What is more, this is work that does not make people special or different or important but brings them up to the level of other people who have already figured all this out. This can be a shock to ones vanity. Of course there is a good side to feeling that one is part of humanity.

Sixth: What starts out as self-examination, a turning of ones attention inward towards the minutiae of the inner life, winds up as a discovery of how one is and has been in the world. If the process doesn't stall here, it will lead to a re-evaluation and re-understanding of ones moral worth. And this should lead to a new way of looking at and of understanding and of evaluating and of acting towards other people including loved ones. It can be sobering that, from the point of view of others, this will be no big deal, as it is what they hoped for from you and expected from you all along.
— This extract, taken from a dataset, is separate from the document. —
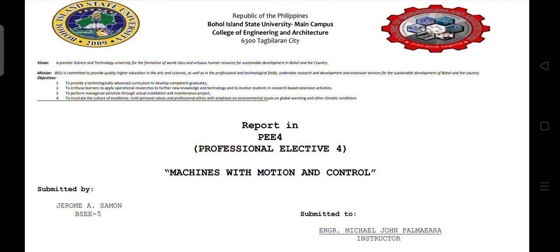Good day everyone, this is Jerome Sammon. This is my report in PE4, Professional Elective 4, Machine with Motor and Control.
It is only at this point that people can be said to know others, and it is because they have made a radical advance in knowing themselves. There has been a radical turning point that Jung called a transformation. A transformation point is where the self enters a new stage of development.

So, if all goes well, what starts out as an isolating experience, a self-centered and alienating activity, leads to a transformation where the person becomes a plus to him or her self and to others. (Of course transformations of the self, like transformations of the seasons, one into the next {for example, Winter into Spring}, do not always happen in an orderly A, B, C fashion.)

Given the diverse nature of people, it seems important to remind ourselves that the transformation process will progress differently in different people and that everybody has a different starting place. It is also worth remembering that the transformation process is not always successful and that there are many points at which it can take a sinister turn.